My thoughts: With a cover, title, and synopsis like that, I was very intrigued by this debut novel. Luckily, it did not disappoint. I was instantly swept away in the magic and horror of this world. Part dreamy fairy tale and part guide to the nether realm, this book is perfect for readers looking for some urban fantasy that is more thoughtful, nuanced, and well-written than something like, oh, the Fever series.
The blurb doesn’t exactly tell you what this book is about, and I’m not going to even try and summarize the plot. I’m taking the Flannery O’Connor way out of that question by saying you just have to read it.
Okay, maybe I’ll give a few hints. This is a book review, after all.
This is a story of two boys, and a slew of supernatural creatures, including fairies, goblins, djinn, angels, and tricksters gods set a against a magical realm superimposed on our own just outside Austin, Texas. With equal parts philosophy and gore, this will satisfy those who enjoy thoughtful reflections as well as reader who prefer lots of action.
In between chapters of Ewan and Colby’s story are “nonfiction” sections that explain the history of the supernatural. While these sections were interesting, they did slow down the progression of the plot, and at times, duplicated it or “spoiled” what would happen in the next chapter. This also affected the pacing, which was uneven.
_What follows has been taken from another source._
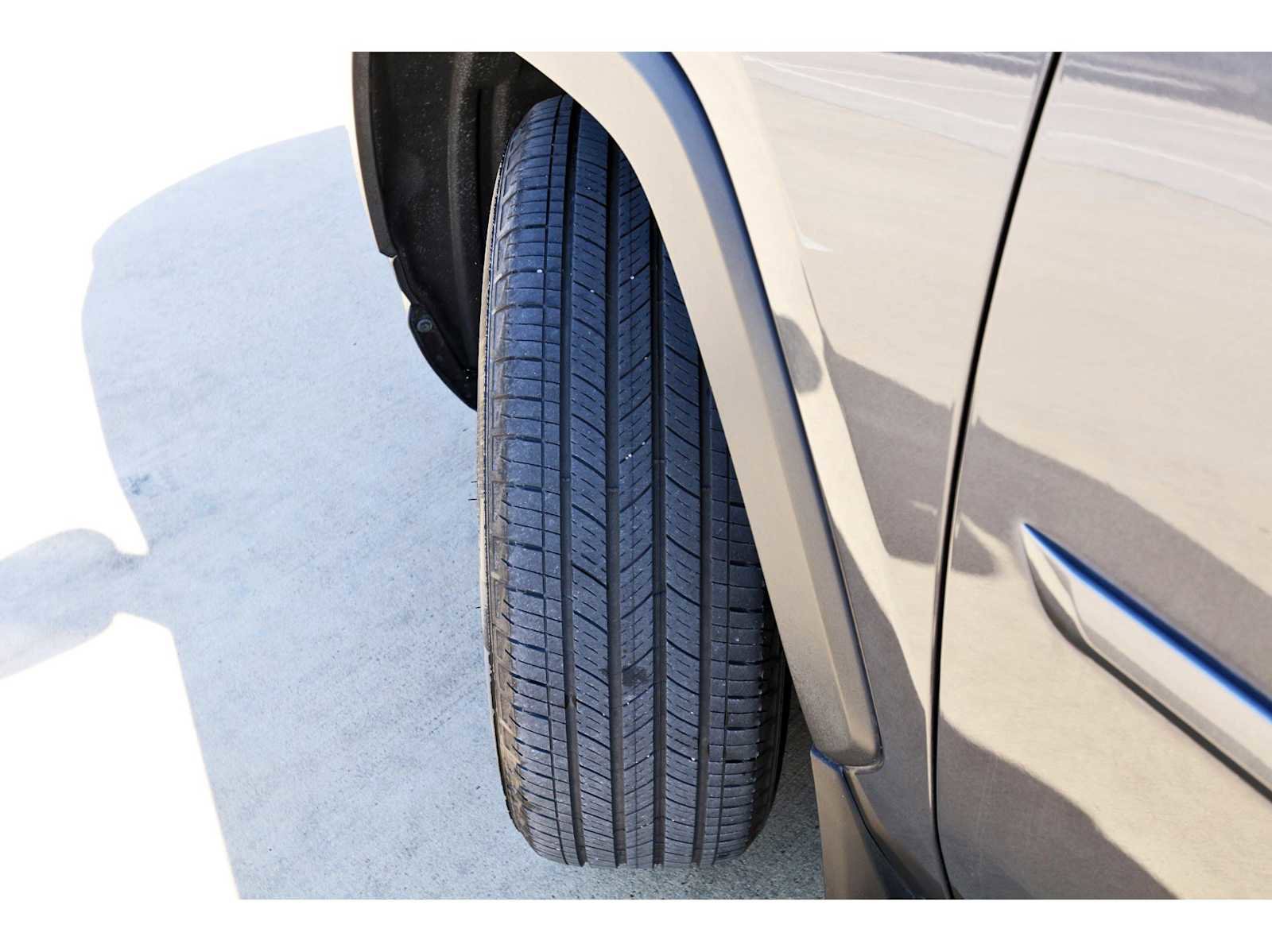 Used 2024 Toyota RAV4 LE image 27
I enjoyed the writing style, which was a welcome reprieve from the simpler styles often seen in young adult literature, and the world-building was excellent, if overwhelming at times. It was moving, scary, funny, and overall, it was a satisfying read. It certainly inspired some crazy nightmares, and I won’t be going camping any time soon, especially while visiting my best friend in Austin.
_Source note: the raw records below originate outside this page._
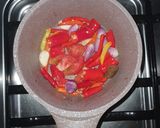 Foto langkah ke 6 dari resep Ayam Goreng Ketumbar Sambal Bawang.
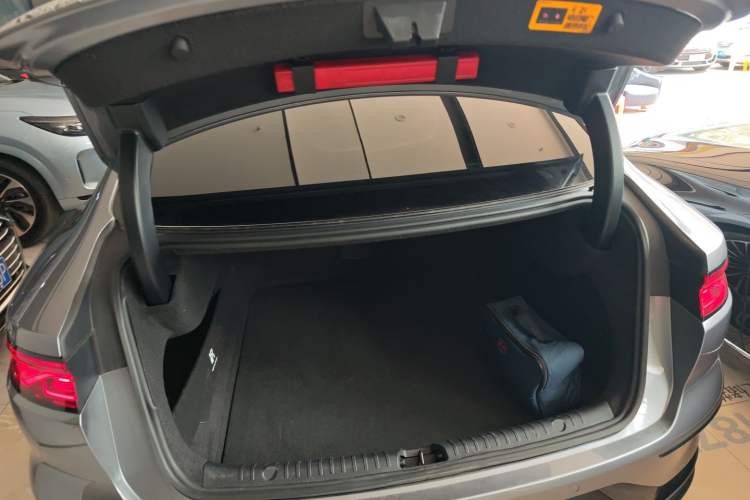 Used BYD Han 2023 DM-i Champion Edition 121KM Prestige Model
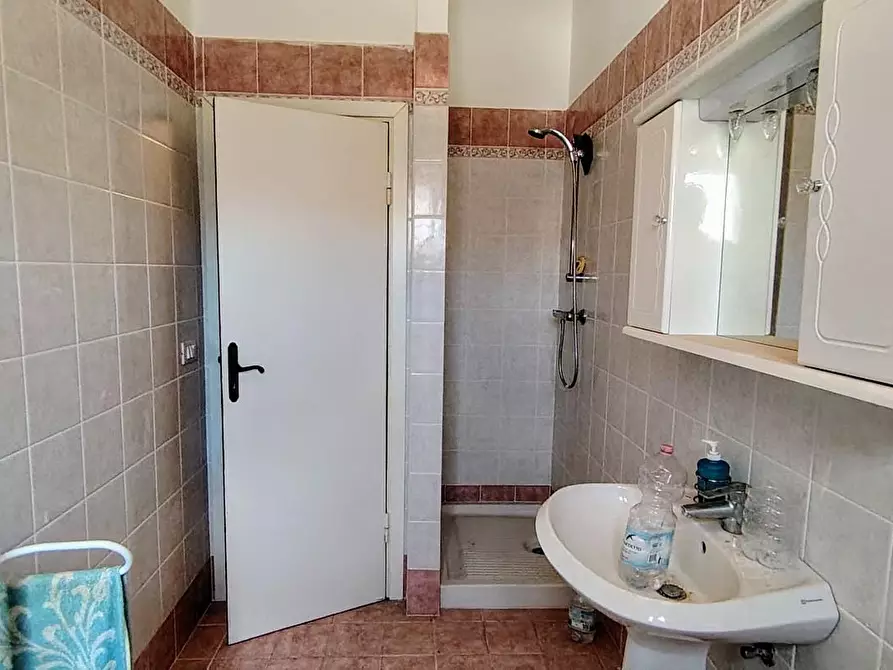 Immagine 17 di Casa indipendente in vendita  a Santa Maria A Monte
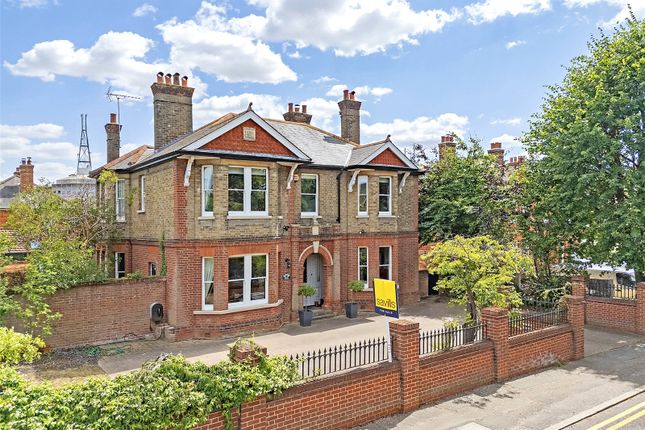 Springfield Road, Chelmsford, CM2 4 bed detached house for sale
The Book Den: “There were beautiful moments of childhood innocence, friendship, and what it’s like to grow older, but most of Dreams and Shadows remained a pretty dark read.”
Worlds in Ink: “Dreams and Shadows by C. Robert Cargill is an engaging story that will captivate you, terrify you and by the end tear your heart to shreds.”
Badass Book Reviews: “Dreams and Shadows was a surprisingly complex novel. What starts as a twisted fairytale becomes a story about one young man realizing his destiny and changing the fabric of the world. This is definitely adult fiction as it is filled with violence and death, but at its heart, it’s about growing up and how the fantasies we cling to break down as we experience the real world.”
Kirkus: “Exceptional worldbuilding, sure-handed plotting and well-rounded characters, even the nasty ones, abound, and the whole impressive enterprise moves smartly along through a fairy culture with a structure and motivations sharply different from that of humans.”